Executive Summary

This report presents an exploratory data analysis of three English language text corpora (blogs, news, and Twitter) to inform the development of a word prediction algorithm. The analysis examines file characteristics, vocabulary distributions, n-gram patterns, and text properties that are essential for building an effective predictive text application.
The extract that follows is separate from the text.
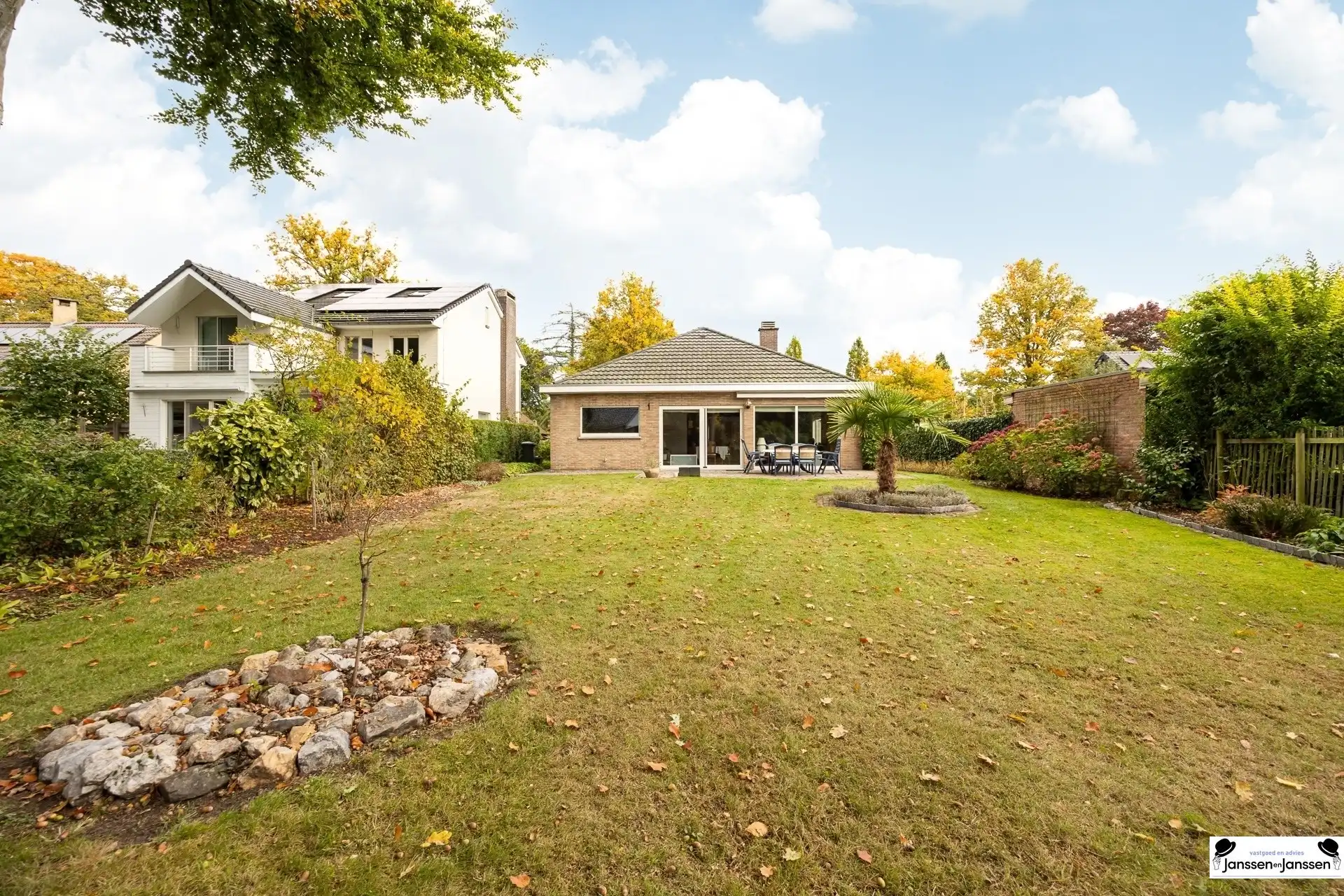 Verrassend ruime villa met ZW-gerichte tuin!  foto 22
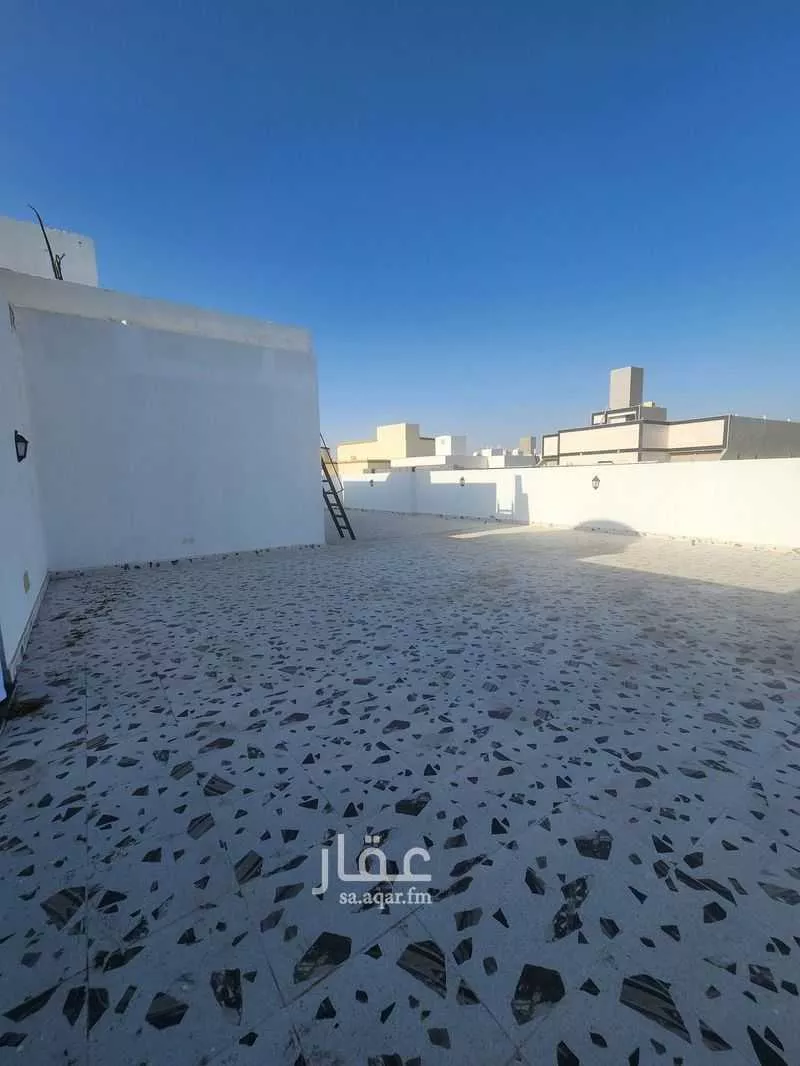 فيلا 5 غرف في الياقوت 25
Most Significant Findings:

  • Vocabulary size and word frequency distributions follow a heavy tailed distribution.
  • N-gram analysis reveals common phrase structures among text corpora, useful for prediction.
  • Different text sources exhibit unique linguistic characteristics.

1. Environment Setup

# Load required libraries
library(tidyverse)
library(stringi)
library(knitr)
library(gridExtra)

# Set seed for reproducibility
set.seed(123)

2. Data Loading and Basic Statistics

files <- c(
  blogs = "en_US.blogs.txt",
  news = "en_US.news.txt",
  twitter = "en_US.twitter.txt"
)

# Function to get file statistics
get_file_stats <- function(filepath) {
  # Check if file exists
  if (!file.exists(filepath)) {
    return(list(
      size_mb = NA,
      lines = NA,
      words = NA,
      chars = NA,
      lines_sample = character(0)
    ))
  }
  
  # Get file size
  size_mb <- file.info(filepath)$size / 1024^2
  
  # Read file
  con <- file(filepath, "r")
  lines <- readLines(con, encoding = "UTF-8", skipNul = TRUE)
  close(con)
  
  # Calculate statistics
  n_lines <- length(lines)
  n_words <- sum(stri_count_words(lines))
  n_chars <- sum(stri_length(lines))
  
  list(
    size_mb = size_mb,
    lines = n_lines,
    words = n_words,
    chars = n_chars,
    lines_sample = lines
  )
}

# Collect statistics for all files
stats_list <- lapply(files, get_file_stats)

# Create summary table
summary_table <- data.frame(
  Source = names(files),
  Size_MB = sapply(stats_list, function(x) round(x$size_mb, 2)),
  Total_Lines = sapply(stats_list, function(x) format(x$lines, big.mark = ",")),
  Total_Words = sapply(stats_list, function(x) format(x$words, big.mark = ",")),
  Total_Characters = sapply(stats_list, function(x) format(x$chars, big.mark = ",")),
  Avg_Words_Per_Line = sapply(stats_list, function(x) 
    round(x$words / x$lines, 1))
)

kable(summary_table, caption = "Table 1: Corpus File Statistics",
      align = c('l', 'r', 'r', 'r', 'r', 'r'))
Table 1: Corpus File Statistics
Source Size_MB Total_Lines Total_Words Total_Characters Avg_Words_Per_Line
blogs blogs 200.42 899,288 37,546,250 206,824,505 41.8
news news 196.28 1,010,242 34,762,395 203,223,159 34.4
twitter twitter 159.36 2,360,148 30,093,413 162,096,241 12.8

Notable Observations

The table above presents the fundamental characteristics of each corpus. Twitter entries show shorter average length per line compared to blogs and news, reflecting the platform’s character limitations and conversational nature.

3. Sampling Strategy

For efficient analysis and model development, we’ll work with representative samples from each corpus.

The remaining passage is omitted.